Motza (or Motsa) (Hebrew: מוֹצָא) is a neighbourhood on the western edge of Jerusalem, Israel. It is located in the Judean Hills, 600 metres above sea level, connected to Jerusalem by the Jerusalem-Tel Aviv highway and the winding mountain road to Har Nof. Established in 1854, Motza was the first Jewish farm founded outside the walls of the Old City in the modern era. It is believed to be located on the site of a Biblical village of the same name mentioned in Joshua 18:26.
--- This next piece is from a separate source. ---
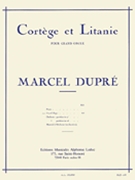 Cortege et Litanie pour Grand Orgue by Dupre Marcel for Organ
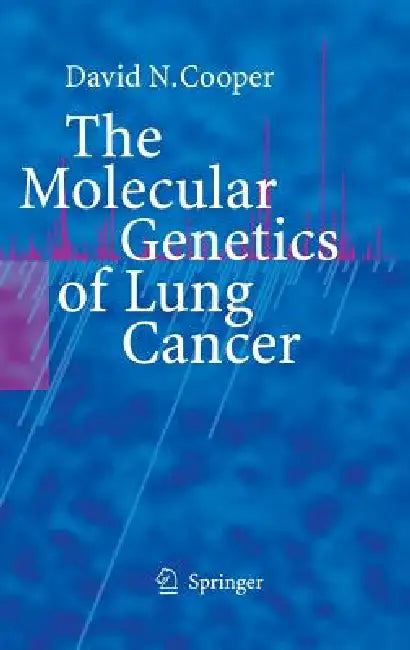 The Molecular Genetics of Lung Cancer by David N. Cooper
In 1854, farmland was purchased from the nearby Arab village of Qalunya (Colonia) by a Baghdadi Jew, Shaul Yehuda, with the aid of British consul James Finn. A B'nai B'rith official signed a contract with the residents of Motza residents that enabled them to pay for the land in long-term payments.Four Jewish families settled there. One family established a tile factory which was one of the earliest industries in the region. In 1871, while plowing his fields, one of the residents, Yehoshua Yellin, discovered a large subterranean hall from the Byzantine period that he turned into a traveller's inn which provided overnight shelter for pilgrims on their way to Jerusalem.
When Theodor Herzl visited Palestine in 1898, he passed through Motza, which then had a population of 200. Captivated by the landscape, he planted a cypress tree on the hill. After he died in 1904 at the ago of 44, it became an annual pilgrimage site by Zionist youth, who planted more trees around Herzl's tree.
David Remez named the sanatorium opened in the village Arza, or cedar.Arza, established in the 1920s, was the first Jewish "health resort" in the country. During World War I, Herzl's tree was cut down by the Turks who were leveling forests for firewood and supplies. Motza was violently attacked in the 1929 Palestine riots.